Punishment for being poor

Universal Credit was rolled out in Hounslow two and a half years ago – in the first wave to affect families with children – and almost immediately, as we predicted, pressure on the food-back shot up and evictions from private tenancies led to queues of homeless families many of whom have had to take temporary accommodation, often such a distance away that they are too far from work, school and community.

Universal Credit is claimed both by families with no adult in work because of disability and who are losing the benefit to cover the extra costs they incur, but also working families, who in West London would starve without Universal Credit working properly. That’s because rents are c£1200 per month and take-home pay can hover around £1500, a lot less for a parent on the national minimum wage.

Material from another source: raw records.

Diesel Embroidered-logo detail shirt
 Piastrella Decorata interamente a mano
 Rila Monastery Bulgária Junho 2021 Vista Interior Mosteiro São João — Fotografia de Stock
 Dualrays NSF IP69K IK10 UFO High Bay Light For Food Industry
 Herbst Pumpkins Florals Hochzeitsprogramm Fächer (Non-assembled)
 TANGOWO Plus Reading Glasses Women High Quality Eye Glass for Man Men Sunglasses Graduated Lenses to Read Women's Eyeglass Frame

Universal Credit is leaving families in poverty for three reasons
– it’s underfunded
– Its chaotic
– And punishment for being poor is built into its design

Today’s increases in work allowances only replace the cuts that were made previously

Mental health – why wait for a crisis?

The Chancellor’s £2bn for Mental Health is half what’s needed and it’s to fund a new crisis Mental Health service – In A&E ambulances, and a hotline. BUT WHY WAIT FOR A CRISIS?!

What help is that crisis service to the young person with autism in my constituency who’s had to wait years to even get a referral, then waited 15 months for their first CAMHS assessment that was then cancelled by text with no follow-up. That child and their parents shouldn’t have to be grateful for a crisis service – by then too much damage has been done to their development, their education and their mental health.

There was nothing in the Chancellor’s speech about the potentially devastating impact that Brexit will have on the economy and so on our children’s future, which is surprising given that the Treasury forecasts show that all versions of Brexit will leave the UK with an economy worse off and declining tax receipts.

This government is overseeing growing inequality

This government is overseeing growing inequality yet all research shows that economies with more equal distribution of income grow stronger, more evenly, and everyone benefits when the benefits of a strong economy are shared fairly. Today’s UK children face a bleak adulthood growing up in a Britain on its own, outside the EU and the prosperity that membership has given this country to date. In conclusion Mr Speaker – children in primary school now were born and have grown up only experiencing austerity and from today’s budget will continue to do so for years to come.